Dictators are nothing if not tacky. Saddam had a gold toilet seat. Kim Chong [sic – I’d say Jong, but we don’t speak Korean so we’re both wrong] Il , 5’2” in heels, probably white stilettos, likes Hennessy Paradis Cognac. I’ve never tasted it, but it’s probably a bit like Cherry B, the Eighties tipple of the Essex girl. And the Juche tower – well think Blackpool, or if you’re American, in which case the foregoing will mean little, think (possibly) a “cone” handed to you by a “soda jerk”.
Being tasteless and nouveau riche/lower middle class is not the worst aspect of being a dictator. But it seems to be a constant. A dictator has nobody to tell him that murdering millions of people because they disagree with him is a bad idea, and nobody to tell him that sunken baths and gold-plated taps are a bit naff.
What these blighters need is a good dose of John Betjeman. Perhaps the ridiculous English class system, and our sense of the ridiculous, has preserved us on grounds of taste from the totalitarian movements that have bedevilled continental Europe. Here’s P. G. Wodehouse’s Bertie Wooster, talking to Spode, the parody Fascist:
"The trouble with you, Spode, is that just because you have succeeded in inducing a handful of half-wits to disfigure the London scene by going about in black shorts, you think you're someone. You hear them shouting 'Heil, Spode!' and you imagine it is the Voice of the People. That is where you make your bloomer. What the Voice of the People is saying is: 'Look at that frightful ass Spode swanking about in footer bags! Did you ever in your puff see such a perfect perisher?'"
Tamada? Haven’t heard that word for a couple of months.
Presumably he tortured anybody who got the green triangle ahead of him.

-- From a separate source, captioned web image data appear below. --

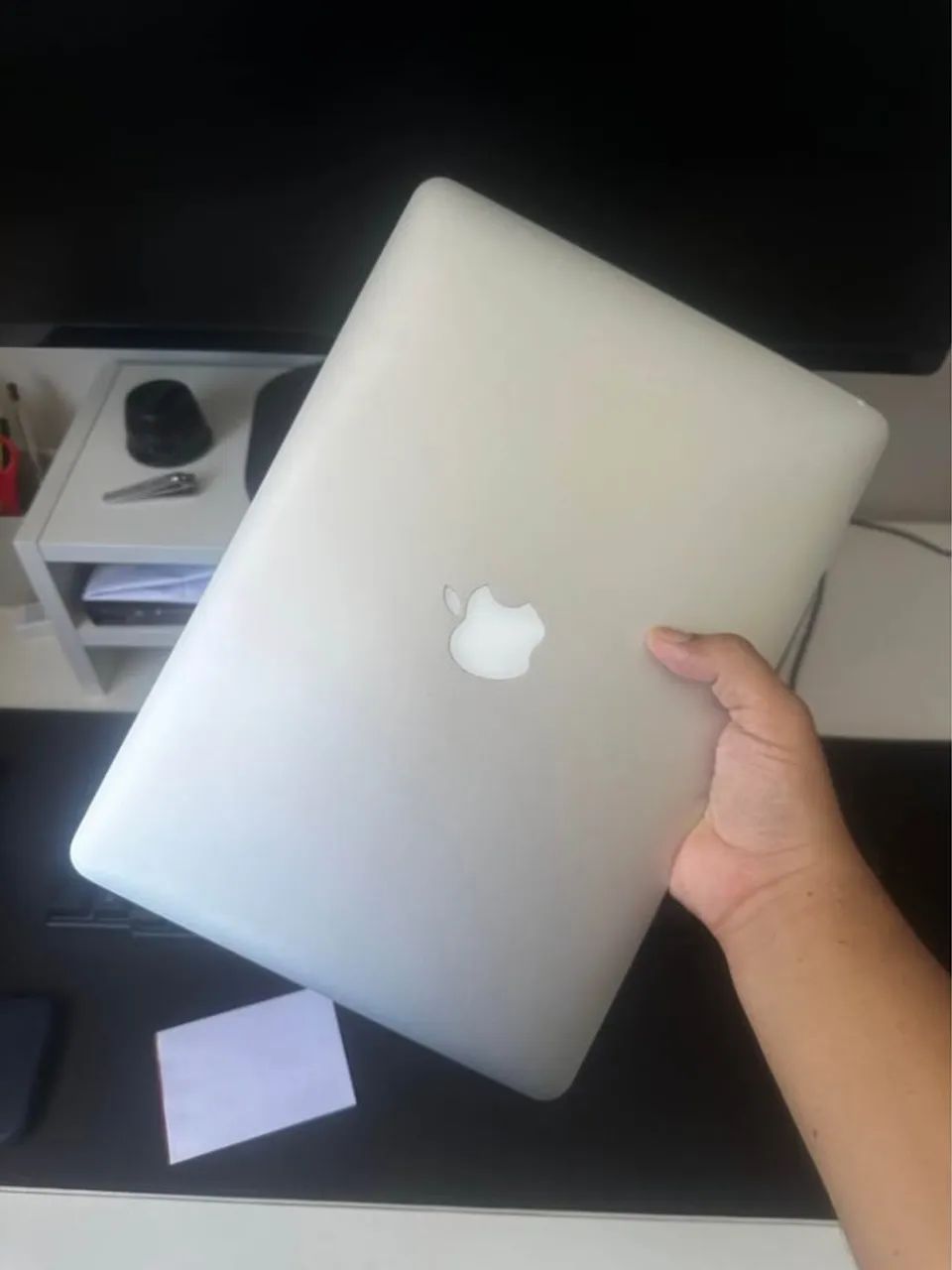 MacBook Air 2017 8gb ram 128gb ssd em perfeito estado
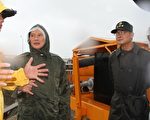 高雄恢复上班课 共撤离1,758人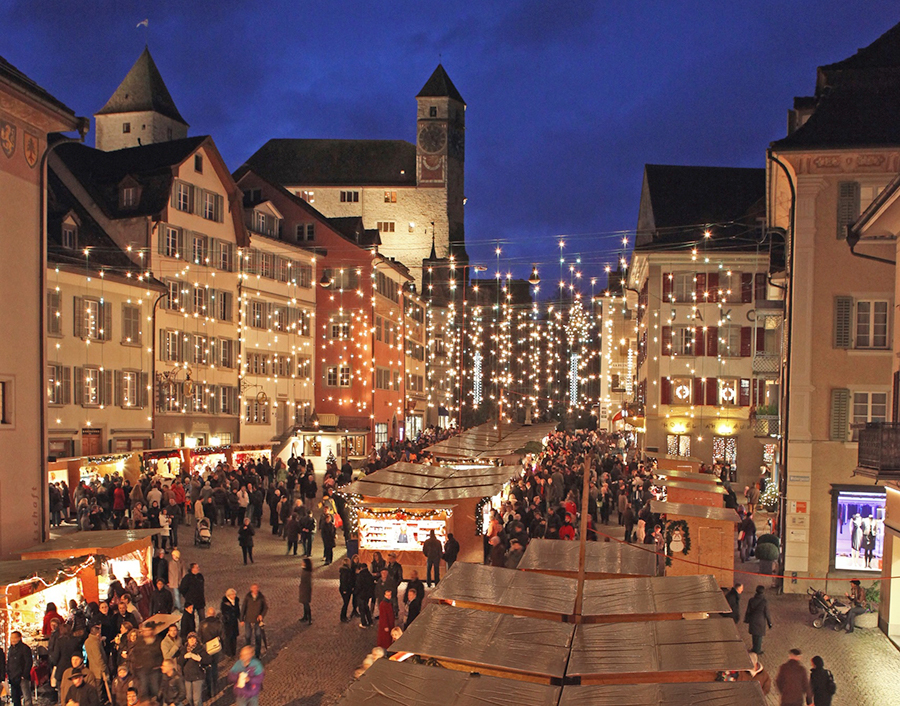 Aevis Victoria Christmas Market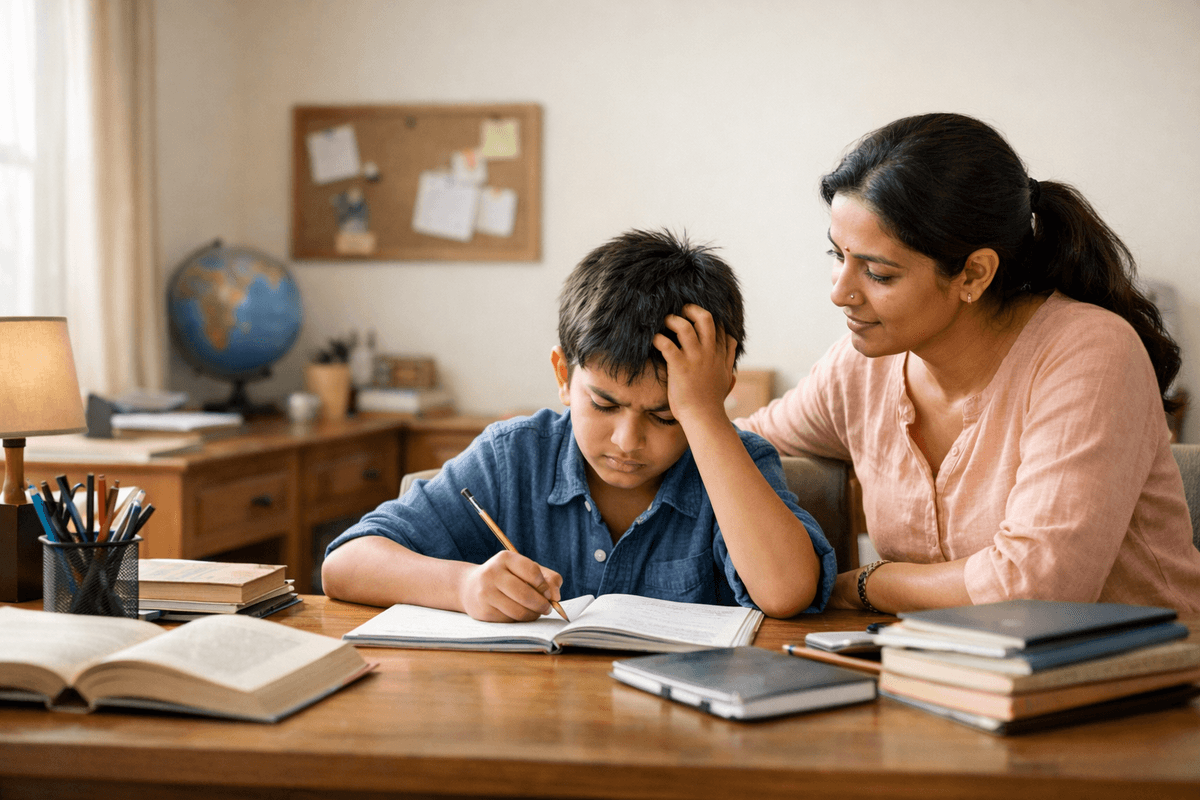 Learning difficulties and developmental delays assessment in Coimbatore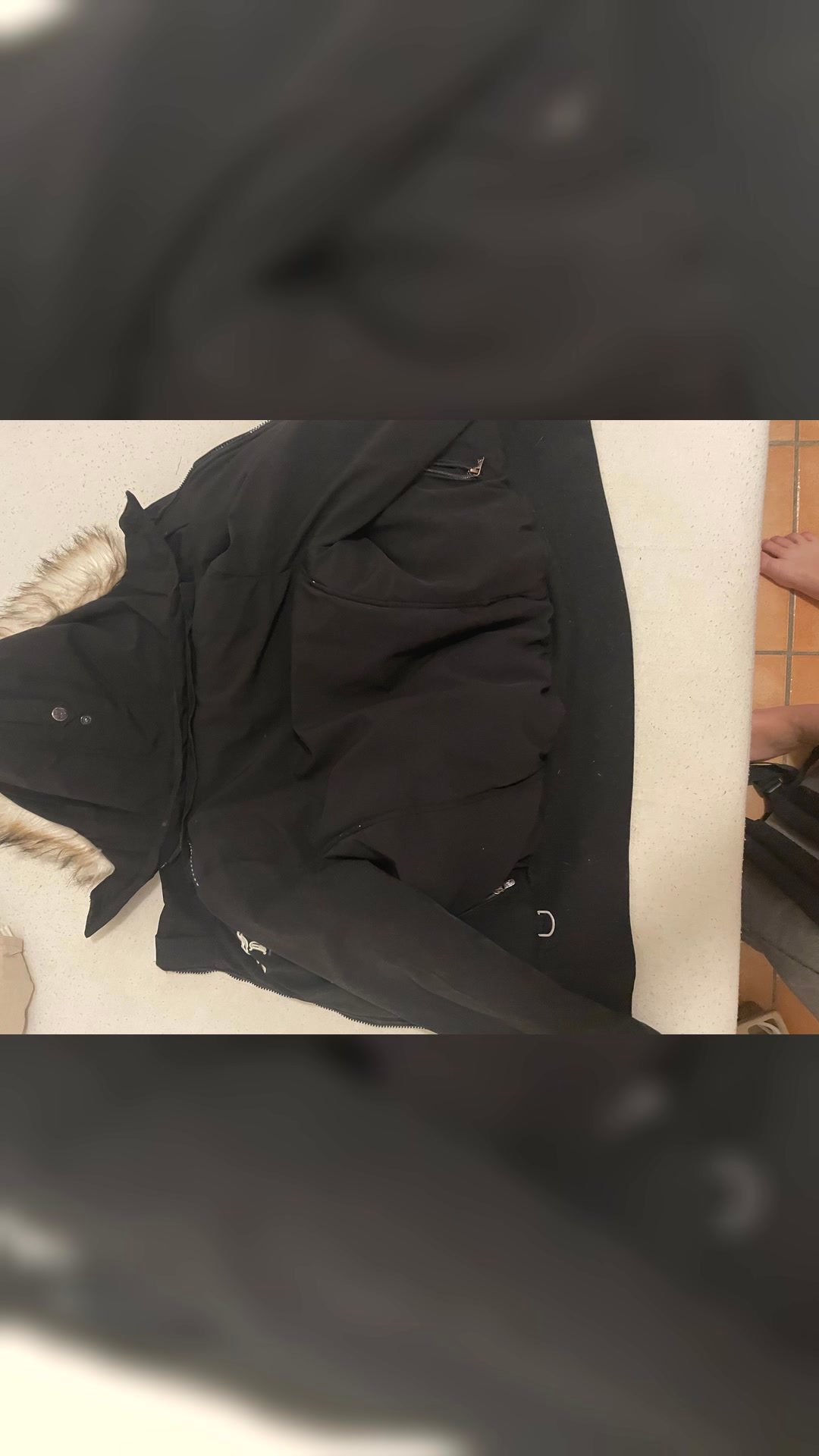 Veste Penelope, média 3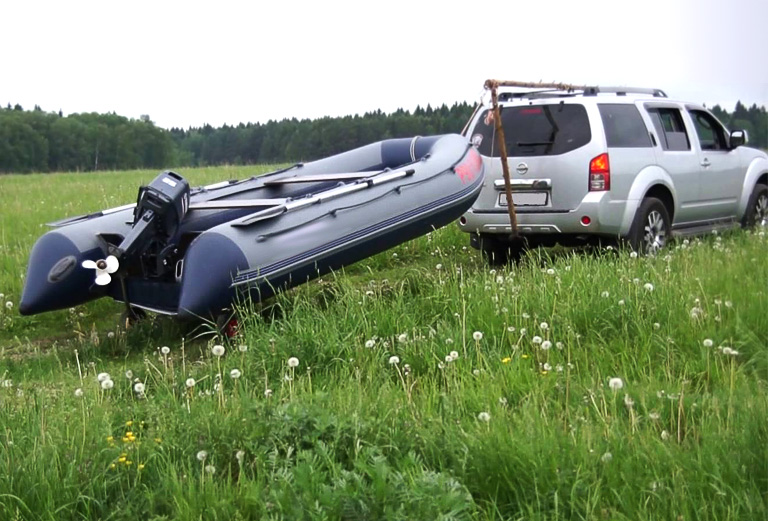 Перевозка автомобиля landrover discovery 4 (Джип)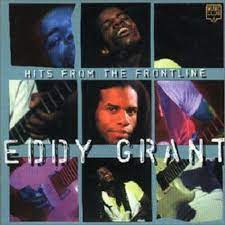 Eddy Grant  - Hits From The Frontline in the group OUR PICKS / CD Pick 4 pay for 3 at Bengans Skivbutik AB (4234107)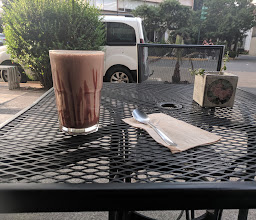 Witches Dark Gallery Café photo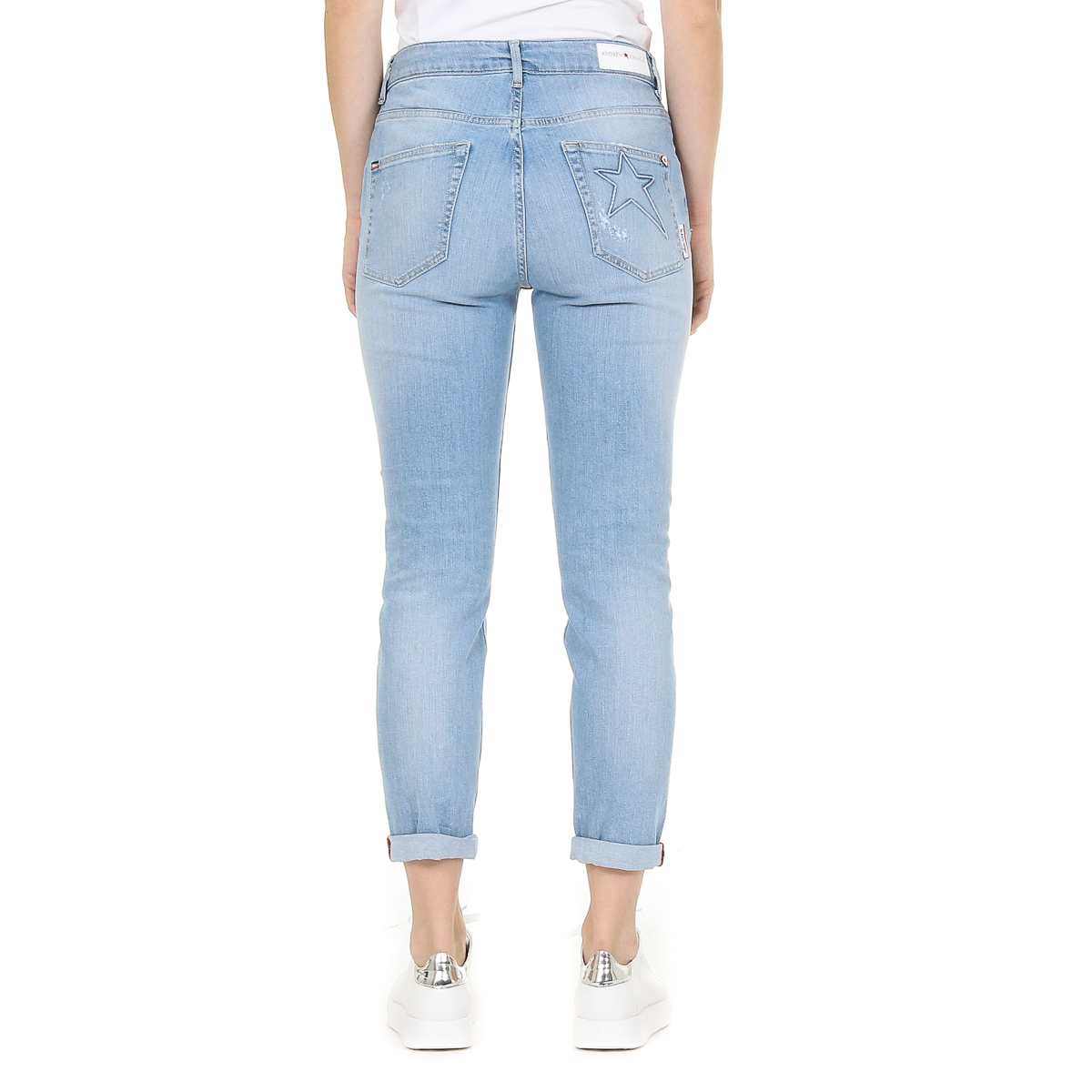 Jeans da donna Andrew Charles Denim RACHEL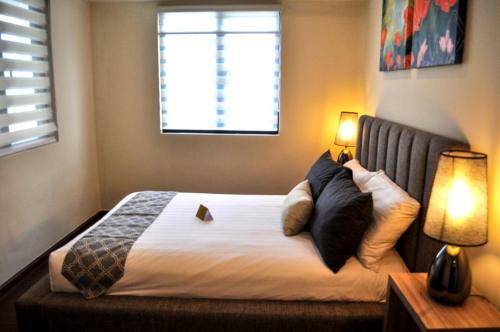 Apartamento Knightsbridge Residences Studio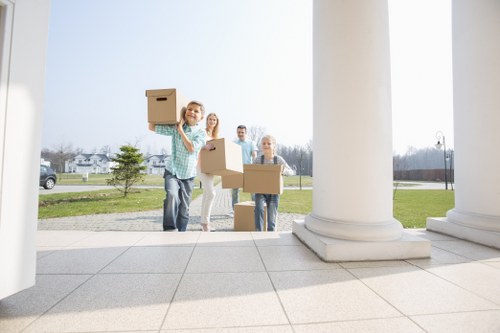Local removals support for Brixton homes and businesses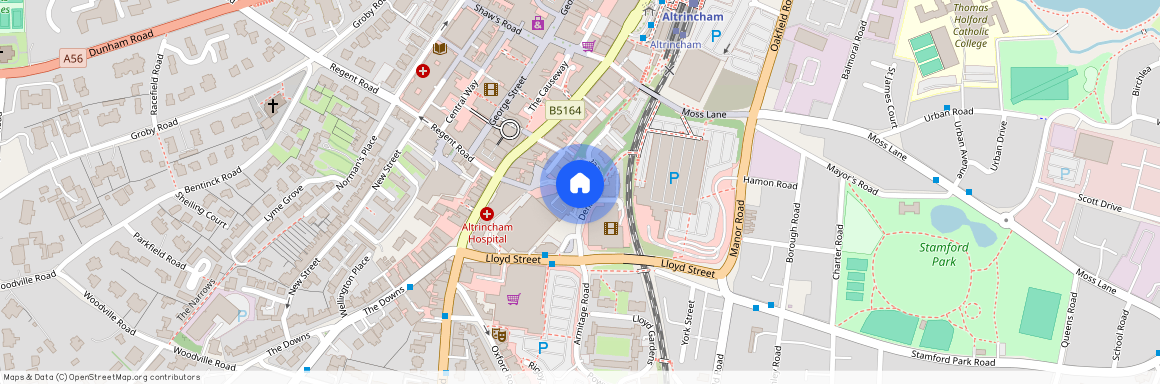 Olivier House, Altrincham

I read that Saddam used to offer British visitors a selection of chocolate from his supply of Quality Street. I have images of Saddam's inner sanctum holding dinner parties as an Arab version of Abigail's Party.
That was you, was it? Well, don't tell anyone - I don't usually do that kind of thing.
"Tamada? Haven?t heard that word for a couple of months."
No, I noticed for the past few months you haven't been hangin' round that caff I used to see you at in Tbilisi. You know the one I mean, just off Rustaveli Square. Where ya' been?